Dive Brief:
- The 11th U.S. Circuit Court of Appeals found that a government contractor violated the Fair Labor Standards Act when it automatically deducted one hour's wages from workers' overtime pay to account for a meal break (Gelber, et al. v. Akal Security, No. 18-14496 (11th Cir., Sept. 30, 2021)).
- The company, Akal Security, repatriates individuals who have been removed from the U.S. by flying them to their home countries, according to court documents. It employs security personnel to staff the flights to ensure safety during travel. Safety staff have few duties on return flights, once detainees have been returned. Akal automatically deducted one hour from each shift as a meal period during these flights, according to court documents, calling the one-hour meal break mandatory and unpaid; it instructed workers to complete no work during the time.
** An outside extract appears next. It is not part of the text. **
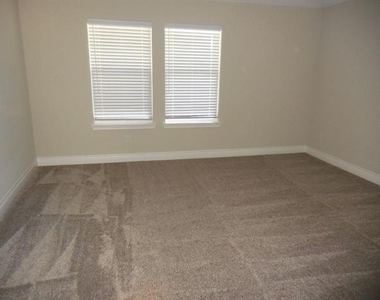 7702 Grant Lane - Photo Thumbnail 12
The company recorded no meal periods, the court noted — it deleted one hour from each security personnel's timesheet instead.
- Several security guards sued for unpaid wages. A district court ruled in favor for the plaintiffs initially, but later decided the company acted in good faith. On appeal, the 11th Circuit considered "whether Akal was entitled to make the challenged meal-period deductions from otherwise compensable work." The court ruled that it was not entitled to do so, and that Akal's policy violated the FLSA.
Dive Insight:
The U.S. Department of Labor does generally allow employers to deduct pay for meal breaks. It stipulates that workers must be "completely relieved from duty" during the meals — the employee isn't truly relieved from work if the individual is asked to perform duties while eating.
The Gelber court held that Akal needed to show its security workers were "completely relieved from duty for the purposes of eating regular meals." Akal argued that the central question was whether the security workers had an hour during each flight when they were totally off duty.
The court disagreed. Akal acknowledged that idle time in flight was compensable overtime work. "It follows, then, that the meal breaks must also be compensable — because, so far as we can tell, nothing distinguishes the ‘meal breaks' from other idle — but compensable — time on the flight." To prove that meal breaks weren't compensable time, Akal needed to have proof other than the fact that the security workers were idle on the flights.
Akal's analysis came from the wrong premise, the court said. It said its deduction policy was fair because at some point during the flights, the workers had at least one hour when they were free of duties. By that logic, the company holds that the security guards weren't performing work on the flights. But the company had already acknowledged their idle time was compensable work, the court said.
The specifics of this case — that "the mere fact of [the workers'] waiting (or traveling) is work" — make it unique, the 11th Circuit said. The court pointed out that employers can sometimes deduct meal periods during travel; DOL guidance specifies that it's possible. But employers must demonstrate that drivers, pilots or anyone assisting in travel take meal breaks by ceasing their affirmative duties to eat.